The oligos in this coding scheme are correlated and have grid-like topology to realize extremely low but necessary redundancy. This study increased the theoretical limit of coding potential to an unprecedentedly high value of 1.98 bits/nt, and remarkably reduced the desired redundancy for error-free recovery of the source file. Moreover, the mechanism of random selection and validity verification ensures that long single-nucleotide homopolymers do not appear in the encoded sequence. However, in this coding scheme, the complexity level of encoding and decoding is not linearly correlated to the data size. Thus, decoding can be complicated and may require more resources and a longer computation time. However, although it is claimed that a 4% loss of total packets would not affect the recovery of the original file in the report, in terms of the features of DNA fountain code, loss of more packets may cause complete failure of recovery. If the ultimate aim is to permanently store the data, the amount of redundancy must be increased to ensure information integrity.
If we consider DNA-based data storage solely as an archiving process with high fidelity, then DNA fountain coding appears to be the only communication-based coding scheme. In DNA-based data storage and retrieval, the most common error is caused by a single-nucleotide mutation. To address this issue, most coding schemes create high redundancy to tackle the challenging conditions of current communication channels. However, these error correction algorithms require complex decoding procedures and large amounts of computing resources. Here, the use of a fountain coding scheme first shows that it is unnecessary to use error detection/correction algorithms, and this provides us with an alternative solution for improving the performance of DNA coding.
Overview of DNA-Based Data Storage Media
Currently, DNA-based data storage uses 2 main types of media to store encoded DNA sequences: in vivo and in vitro.
In vivo
In vivo DNA-based data storage was commonly adopted in pioneering DNA-based data storage work, such as the Microvenus project, which used bacteria as the storage medium [2]. In the 2000s, other research teams also proposed simple techniques for in vivo DNA-based data storage, e.g., the use of codon triplets to encode alphabets [22] or bits [23] by either transferring plasmids or introducing site-directed mutagenesis. Typically, encoded DNA sequences are first cloned into a plasmid and then transferred into bacteria (Fig. 3A). Therefore, the DNA sequences, and the information they carry, can be maintained in tiny bacteria and their billions of descendants.

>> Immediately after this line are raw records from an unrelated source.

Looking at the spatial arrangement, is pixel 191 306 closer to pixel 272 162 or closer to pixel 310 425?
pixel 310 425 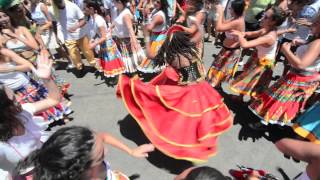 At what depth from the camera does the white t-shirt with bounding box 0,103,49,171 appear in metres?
Answer: 2.18

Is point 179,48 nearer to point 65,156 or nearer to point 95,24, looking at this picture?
point 95,24

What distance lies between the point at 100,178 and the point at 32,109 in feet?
2.86

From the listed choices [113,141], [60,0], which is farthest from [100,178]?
[60,0]

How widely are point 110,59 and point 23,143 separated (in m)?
3.18

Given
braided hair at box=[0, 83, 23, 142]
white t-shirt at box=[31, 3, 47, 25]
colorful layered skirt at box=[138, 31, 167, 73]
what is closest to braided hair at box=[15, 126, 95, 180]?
braided hair at box=[0, 83, 23, 142]

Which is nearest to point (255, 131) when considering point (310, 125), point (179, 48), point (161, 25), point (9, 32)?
point (310, 125)

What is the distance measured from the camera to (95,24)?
5180 millimetres

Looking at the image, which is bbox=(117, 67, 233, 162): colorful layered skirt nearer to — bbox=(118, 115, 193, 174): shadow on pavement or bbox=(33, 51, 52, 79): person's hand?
bbox=(118, 115, 193, 174): shadow on pavement

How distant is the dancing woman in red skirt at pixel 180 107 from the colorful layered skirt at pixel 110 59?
58.7 inches

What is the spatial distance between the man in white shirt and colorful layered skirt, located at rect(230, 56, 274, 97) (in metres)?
2.85

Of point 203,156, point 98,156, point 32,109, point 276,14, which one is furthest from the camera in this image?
point 276,14

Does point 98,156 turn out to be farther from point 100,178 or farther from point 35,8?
point 35,8

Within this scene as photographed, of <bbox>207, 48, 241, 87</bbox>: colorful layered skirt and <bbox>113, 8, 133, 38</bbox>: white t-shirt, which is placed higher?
<bbox>113, 8, 133, 38</bbox>: white t-shirt

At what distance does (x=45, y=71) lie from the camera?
2.30m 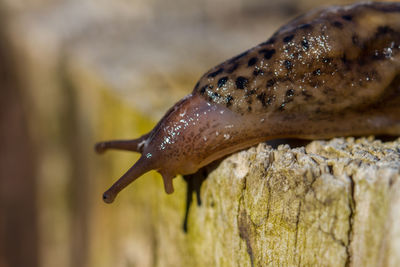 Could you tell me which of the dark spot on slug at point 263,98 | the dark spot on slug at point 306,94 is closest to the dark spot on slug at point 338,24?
the dark spot on slug at point 306,94

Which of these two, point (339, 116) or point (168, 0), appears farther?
point (168, 0)

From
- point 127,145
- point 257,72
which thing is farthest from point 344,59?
point 127,145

Nevertheless, the capacity of bacteria for carrying plasmids is limited by the type and size of plasmid. In addition, plasmid mutation is quite common in bacteria. During bacterial replication, take Escherichia coli as an example, the spontaneous mutation rate is 2.2 × 10−10 mutations per nucleotide per generation, or 1.0 × 10−3 mutations per genome per generation [24], with a generation time of 20–30 minutes, which—after a few years—might ultimately alter the information stored.

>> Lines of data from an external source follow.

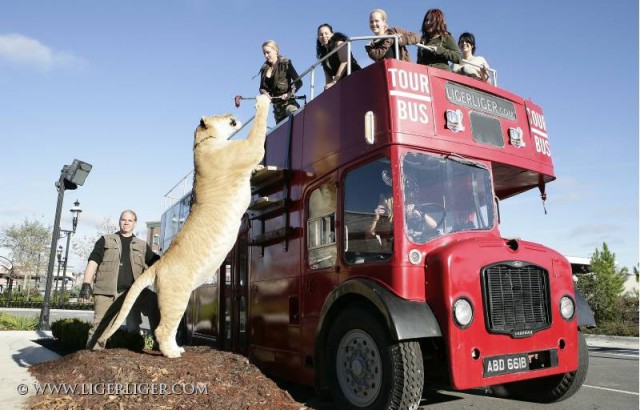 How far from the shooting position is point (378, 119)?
4.75 meters

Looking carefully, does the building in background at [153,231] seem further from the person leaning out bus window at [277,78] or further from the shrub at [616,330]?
the person leaning out bus window at [277,78]

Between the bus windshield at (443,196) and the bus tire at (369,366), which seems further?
the bus windshield at (443,196)

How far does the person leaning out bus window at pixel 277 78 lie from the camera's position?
7.12 meters

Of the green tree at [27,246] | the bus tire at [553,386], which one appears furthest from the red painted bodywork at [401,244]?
the green tree at [27,246]

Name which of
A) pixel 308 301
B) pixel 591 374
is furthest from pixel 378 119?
pixel 591 374

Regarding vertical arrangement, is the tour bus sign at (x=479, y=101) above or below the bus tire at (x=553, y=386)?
above

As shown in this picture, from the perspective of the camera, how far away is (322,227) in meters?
5.47

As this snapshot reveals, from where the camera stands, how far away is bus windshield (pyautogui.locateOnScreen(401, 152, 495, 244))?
4566 millimetres

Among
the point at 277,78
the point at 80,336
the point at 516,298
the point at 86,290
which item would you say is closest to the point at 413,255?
the point at 516,298

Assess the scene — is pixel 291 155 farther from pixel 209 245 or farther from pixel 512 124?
pixel 512 124

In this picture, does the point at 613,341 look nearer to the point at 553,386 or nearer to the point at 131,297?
the point at 553,386

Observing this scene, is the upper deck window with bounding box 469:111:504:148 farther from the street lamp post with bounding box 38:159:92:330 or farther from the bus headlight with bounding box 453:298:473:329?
the street lamp post with bounding box 38:159:92:330

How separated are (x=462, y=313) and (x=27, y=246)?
151ft

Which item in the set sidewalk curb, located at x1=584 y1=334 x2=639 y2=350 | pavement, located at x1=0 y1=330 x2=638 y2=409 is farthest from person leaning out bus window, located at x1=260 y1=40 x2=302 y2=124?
sidewalk curb, located at x1=584 y1=334 x2=639 y2=350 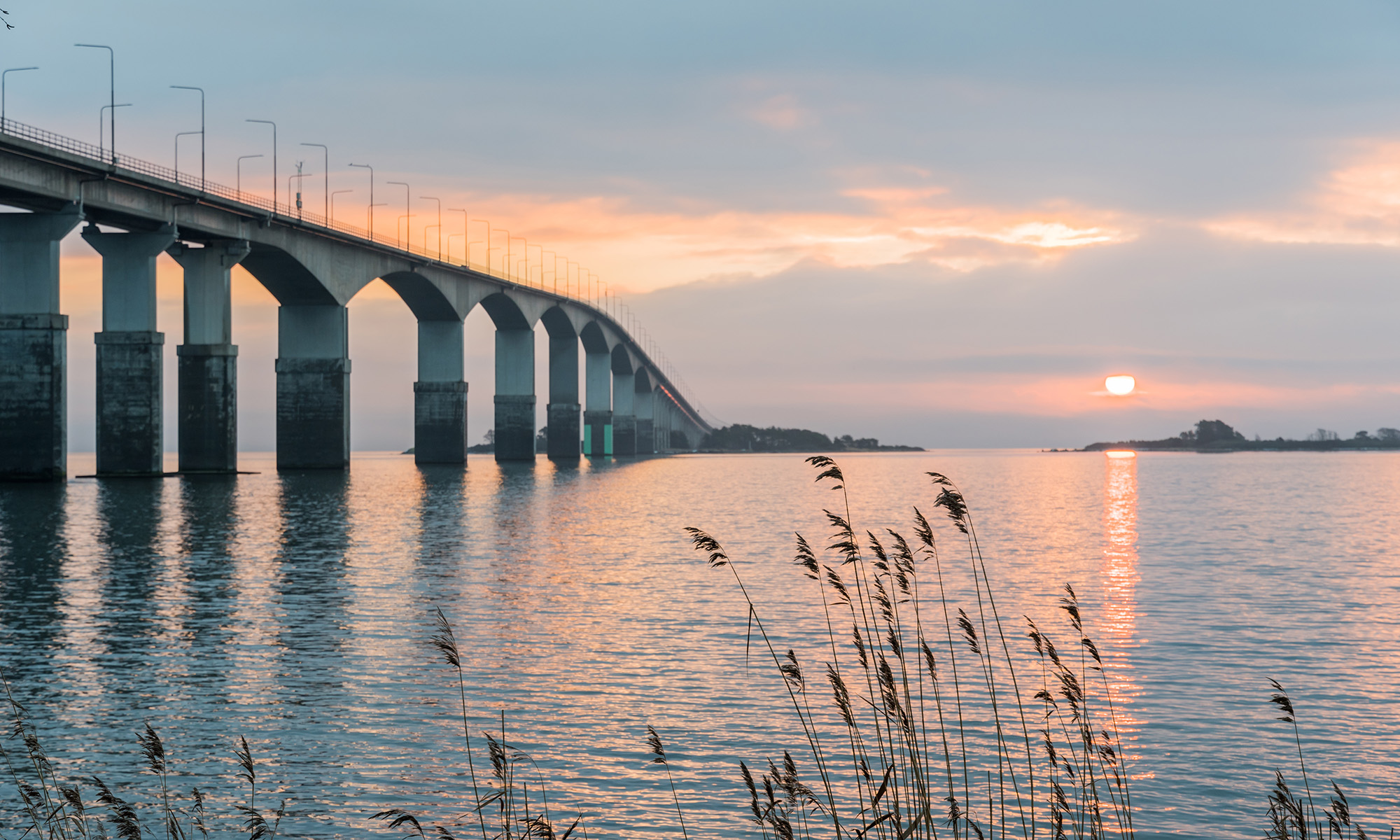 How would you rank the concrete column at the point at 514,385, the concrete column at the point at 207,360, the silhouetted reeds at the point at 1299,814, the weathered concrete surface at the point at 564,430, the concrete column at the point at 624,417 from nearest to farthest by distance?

Recently, Shipman et al. demonstrated a novel method to encode an image and a short movie clip into the bacterial genome using the clustered regularly interspaced short palindromic repeats−CRISPR-associated protein (CRISPR-Cas) system with Cas1-Cas2 integrase (Fig. 3B) [25]. Although, reportedly, the CRISPR-Cas system is not equally efficient to all sequences, this work greatly improved the capability of in vivo DNA-based data storage.
In vitro
In vitro DNA-based data storage is seen more frequently than the in vivo version in recent studies. The oligo library is one of the most popular forms (Fig. 3C), primarily because of the maturation of the array-based high-throughput oligo synthesis technique [26], which makes the synthesis of large numbers of DNA oligos more cost-effective.
During the synthesis process, each oligo is assigned a short tag, or index, because all oligos are mixed together for high-throughput synthesis and sequencing. The current oligo synthesis technique can generate, at most, 200-mers, with relatively high accuracy and purity [27]. Hence, the index should be as short as possible to save the information capacity in each oligo. Apparently, many more indices will be needed if more DNA oligo sequences are generated and mixed. However, similar to in vivo DNA-based data storage, the larger data size demands more DNA oligos for in vitro DNA-based data storage. This increases the size of indices in oligo and thus lowers the storage capacity and efficiency.
To overcome these problems, longer DNA fragments can be used instead of DNA oligos (Fig. 3D). In 2017, Yazdi et al. successfully encoded 3,633 bytes of information (2 images) into 17 DNA fragments, and recovered the image using homopolymer error correction [28]. Nevertheless, the current cost of DNA fragment synthesis is higher than that of oligo synthesis, which increases the overall cost of DNA fragment−based storage.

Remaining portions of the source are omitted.